Repeat exactly the lines of the material below that run from the "MillyHotsoon online show" line to the "Econo Lodge Beachside" line, including both, and do not carry over any pictures.

==== INFORMATION PROVIDED

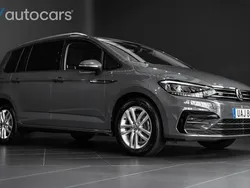 Grå Begagnad 2021 VW Touran R-line Minibuss | 379 000 kr (Marknadspris)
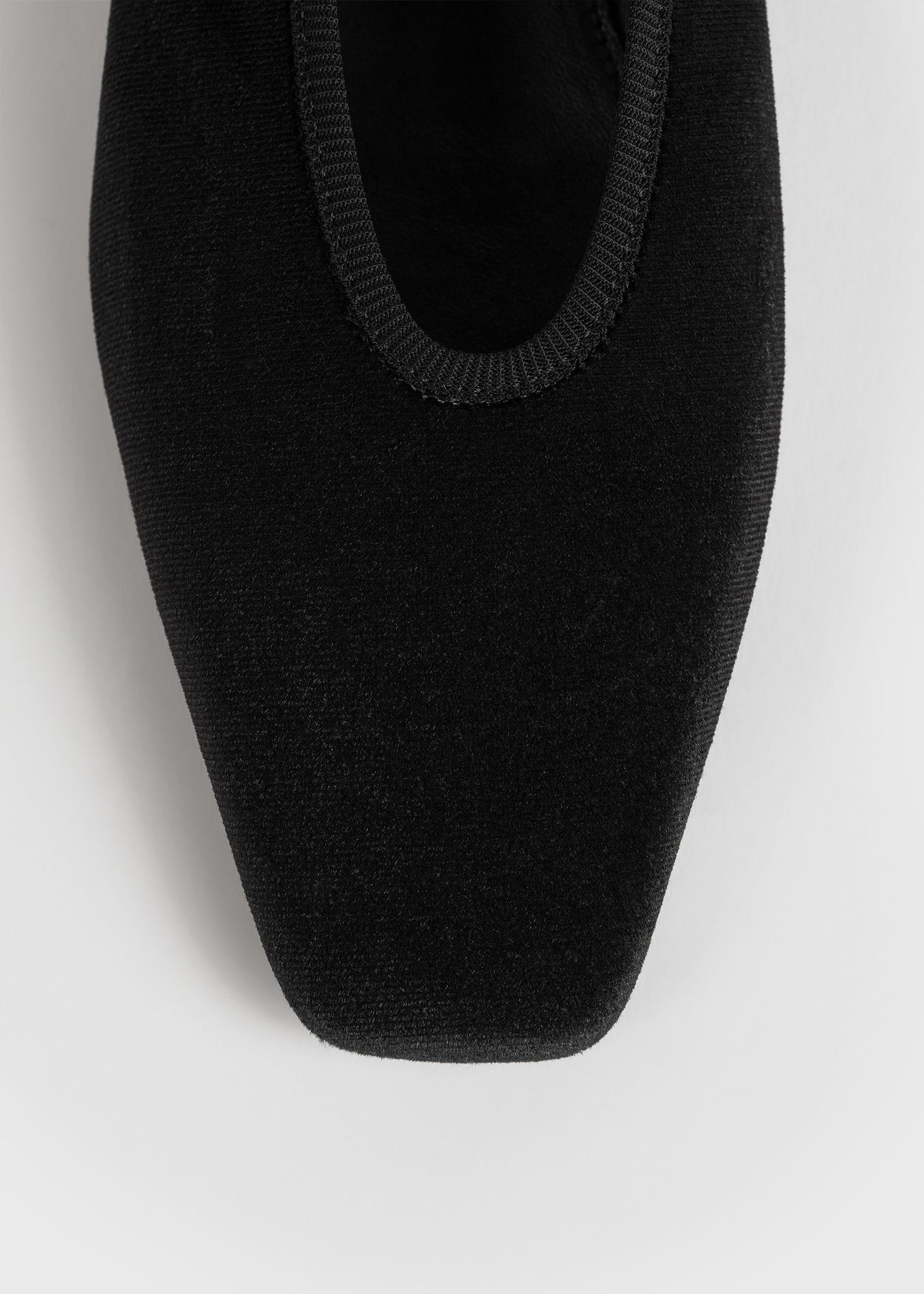 Minimalist velvet ballerinas black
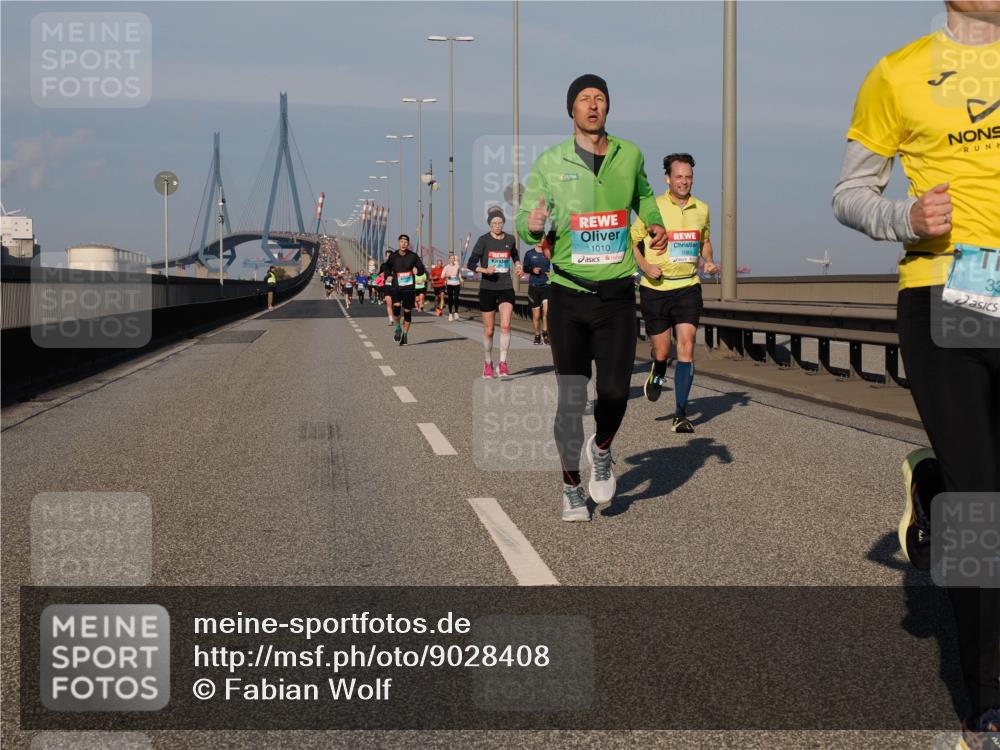 03.10.2025 - Köhlbrandbrückenlauf Fabian Wolf http://msf.ph/oto/9028408 03.10.2025 09:43:46 Position 3 1010, 33 meine-sportfotos.de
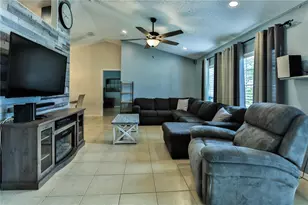 330 Chiquita Ct, Kissimmee, FL 34758 - Photo 5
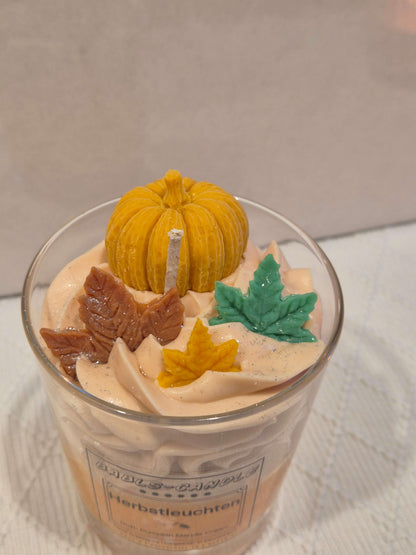 Herbstleuchten Kerze von oben – Wachskürbis und bunte Herbstblätter Deko auf Sojawachs-Kerze handgemacht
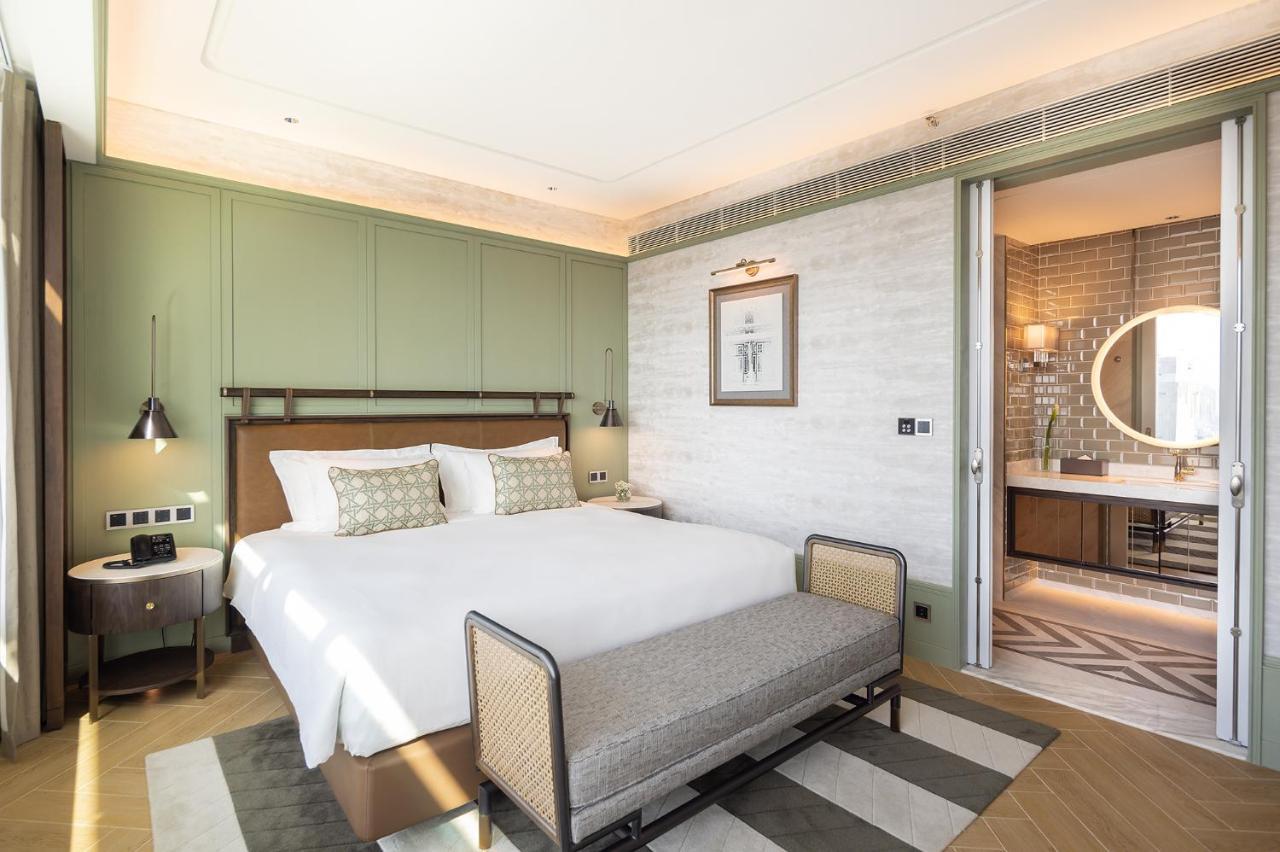 Premium One Bedroom Suite Lounge Access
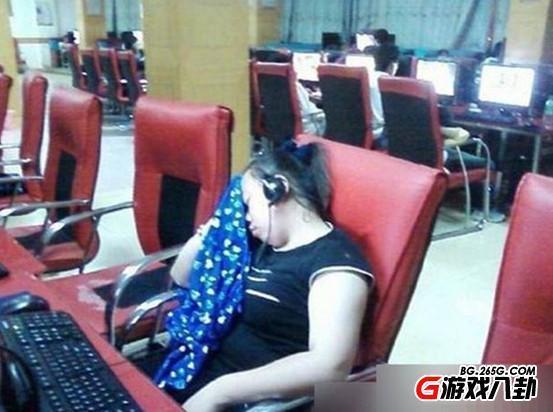 爆头哥出没！中华儿女多奇志 自古网吧多神人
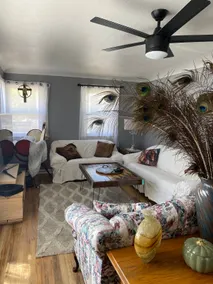 Bright and Airy 2 Bedroom Home - Downtown - Image 5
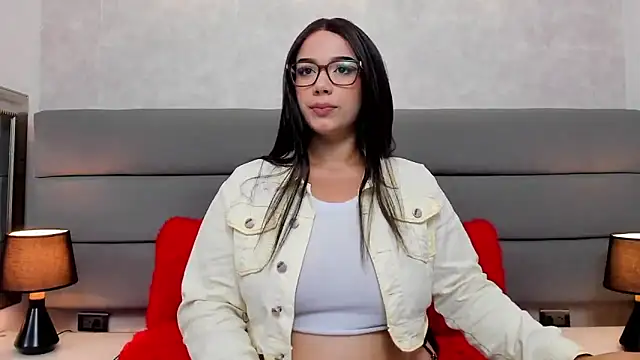 MillyHotsoon online show from April 11, 2026, 3:11 am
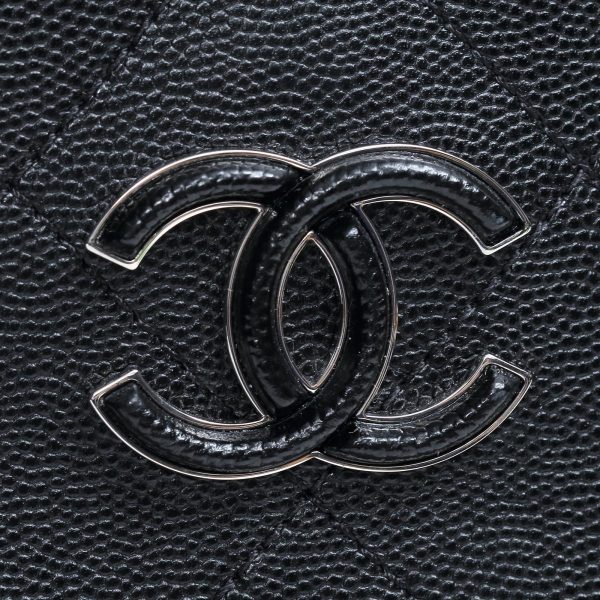 7 Chanel Caviar Skin 2way Shoulder Bag Black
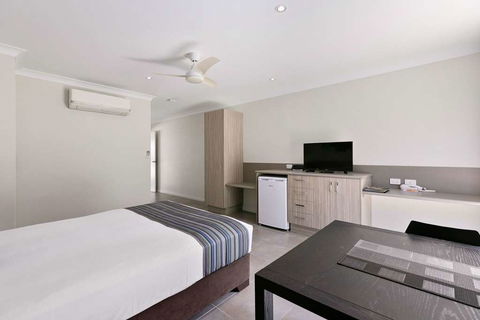 Econo Lodge Beachside - Goulburn Accommodation 6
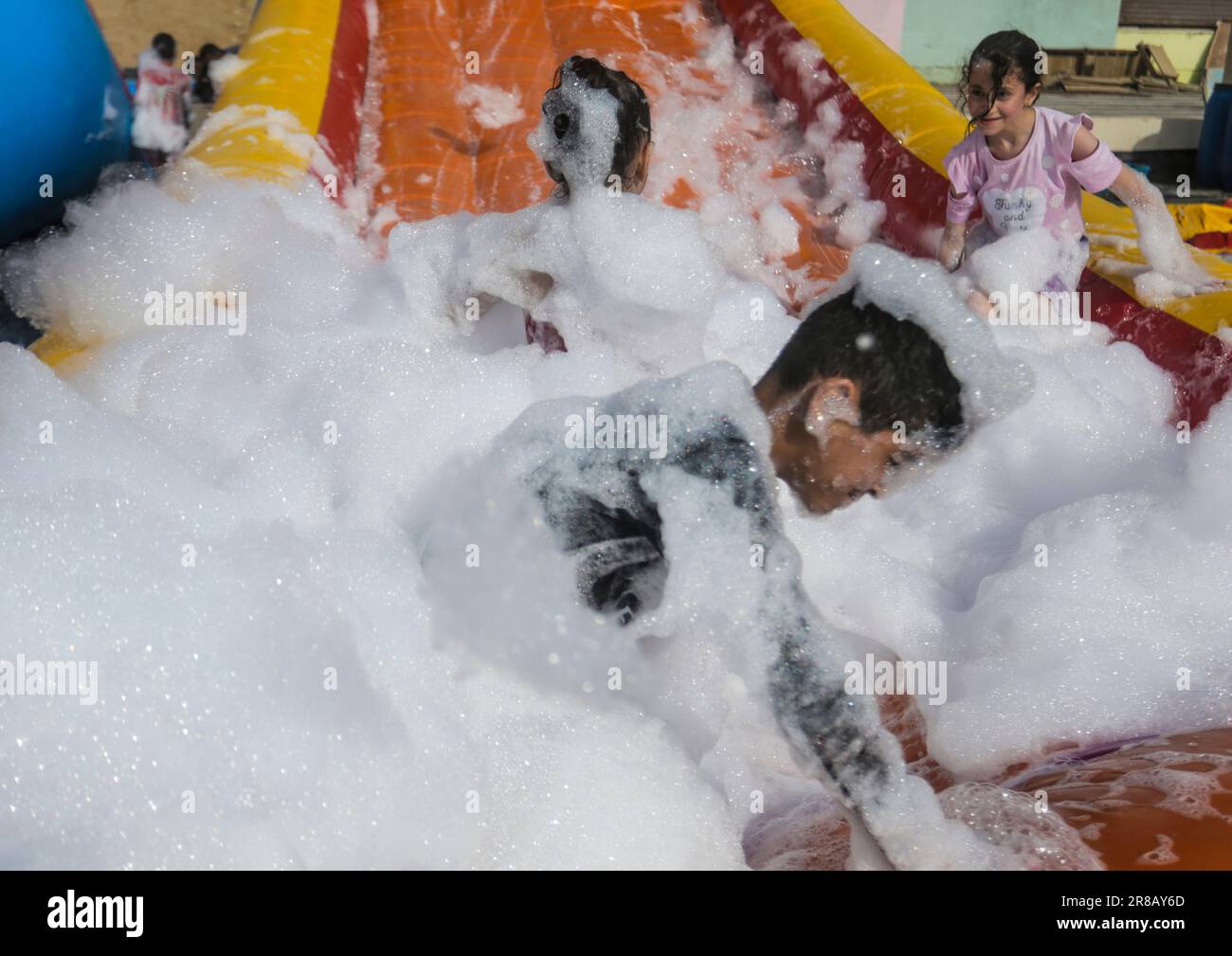 Gaza, la bande de Gaza, Palestine. 19th juin 2023. Les enfants palestiniens profitent de jeux aquatiques pendant les vacances d'été dans la ville de Gaza. Le parc aquatique pour enfants a été ouvert cet été pour la première fois à Gaza. (Credit image: © Mahmoud Issa/SOPA Images via ZUMA Press Wire) USAGE ÉDITORIAL SEULEMENT! Non destiné À un usage commercial ! Banque D'Images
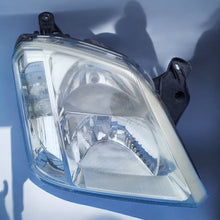 Laden Sie das Bild in den Galerie-Viewer, Frontscheinwerfer Opel Meriva A 93321053 Rechts Scheinwerfer Headlight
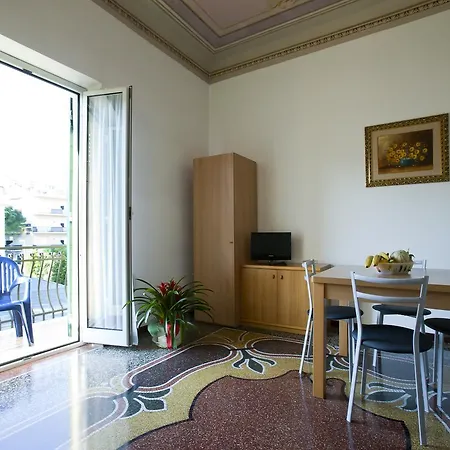 Genovese Al Mare 3*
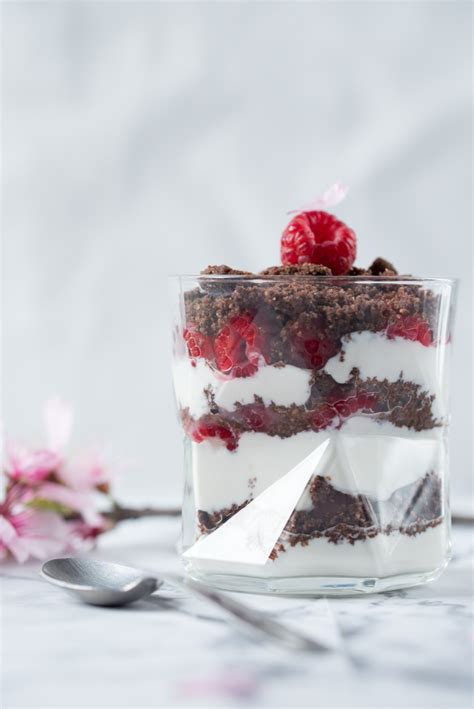 Verrines Framboises Et Crumble Au Chocolat Mes Goug Res Aux Pinards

========

### RESULT BELOW
 MillyHotsoon online show from April 11, 2026, 3:11 am
 7 Chanel Caviar Skin 2way Shoulder Bag Black
 Econo Lodge Beachside - Goulburn Accommodation 6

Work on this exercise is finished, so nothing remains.